Richard A. O'Keefe wrote:

I am puzzled by the advice to use is.na(x) <- TRUE instead of x <- NA.

?NA says
     Function `is.na<-' may provide a safer way to set missingness. It
     behaves differently for factors, for example.

However, "MAY provide" is a bit scary, and it doesn't say WHAT the
difference in behaviour is.

I must say that "is.na(x) <- ..." is rather repugnant, because it doesn't
work.  What do I mean?  Well, as the designers of SETL who many years ago
coined the term "sinister function call" to talk about f(...)<-...,
pointed out, if you do
    f(x) <- y
then afterwards you expect
    f(x) == y
to be true.  So let's try it:

    > x <- c(1,NA,3)
    > is.na(x) <- c(FALSE,FALSE,TRUE)
    > x
    [1]  1 NA NA
    > is.na(x)
    [1] FALSE  TRUE  TRUE
                        vvvvv
So I _assigned_ c(FALSE,FALSE,TRUE) to is.na(x),
    but I _got_ c(FALSE,TRUE, TRUE)> instead.
                        ^^^^^
That is not how a well behaved sinister function call should work,
and it's enough to scare someone off is.na()<- forever.

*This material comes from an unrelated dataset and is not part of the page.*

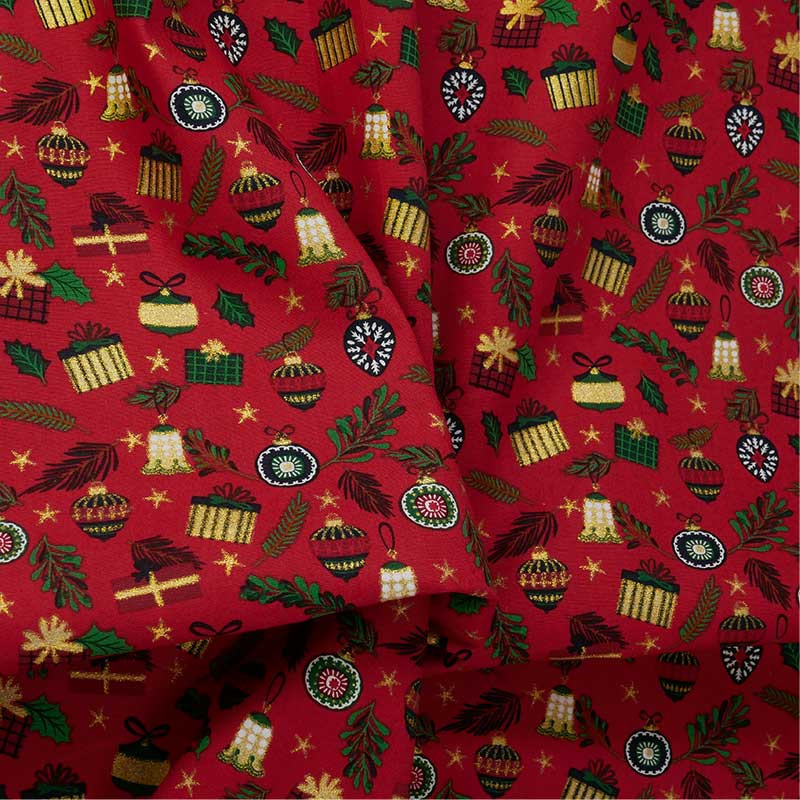 Tissu popeline de coton décorations Noël - rouge x 10 cm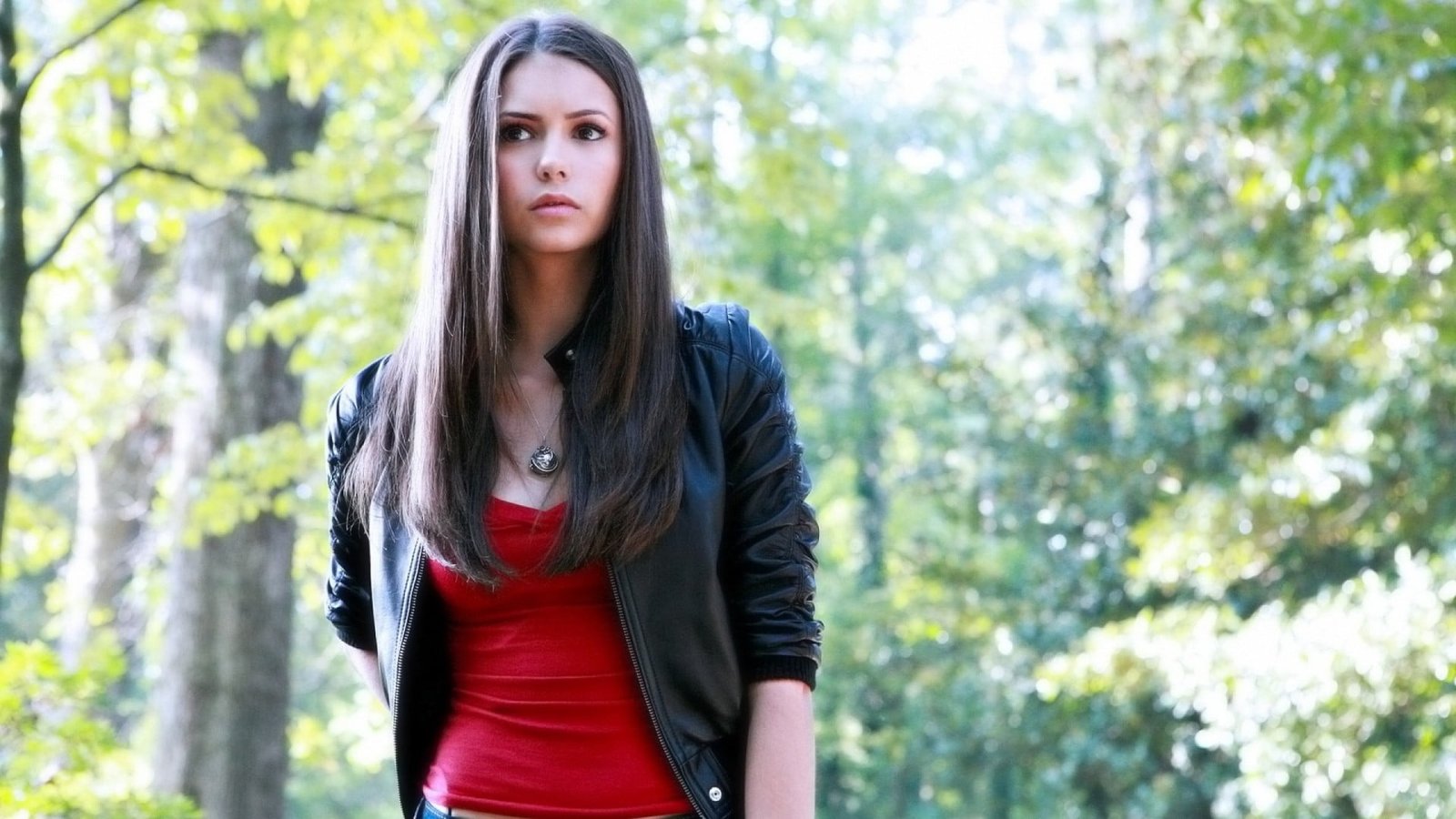 Nina Dobrev brunette actress women necklace leather jackets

The obvious way to set elements of a variable to missing is ... <- NA.
Wouldn't it be better if that just plain worked?

Can someone give an example of is.na()<- and <-NA working differently
with a factor?  I just tried it:

> x <- factor(c(3,1,4,1,5,9))
> y <- x
> is.na(x) <- x==1
> y[y==1] <- NA
> x
[1] 3 <NA> 4 <NA> 5 9 Levels: 1 3 4 5 9
> y
[1] 3 <NA> 4 <NA> 5 9 Levels: 1 3 4 5 9


Both approaches seem to have given the same answer. What did I miss?

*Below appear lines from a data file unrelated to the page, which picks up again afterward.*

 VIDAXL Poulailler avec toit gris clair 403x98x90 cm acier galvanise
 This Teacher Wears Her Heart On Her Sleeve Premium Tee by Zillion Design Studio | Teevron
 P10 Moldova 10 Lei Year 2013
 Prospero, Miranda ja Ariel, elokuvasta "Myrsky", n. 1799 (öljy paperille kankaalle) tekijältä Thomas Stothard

As mentioned in another mail to R-help. I'm pretty sure there was (is?) a problem with character (and/or factor) and assignment of NAs, but I cannot (re)produce an example. I think something for the "x <- NA" case has been fixed during the last year.
What prevents me to think I'm completely confused is that the is.na()<- usage is proposed in: ?NA, S Programming, the R Language Definition manual, R's News file, but I cannot find it in the green book right now.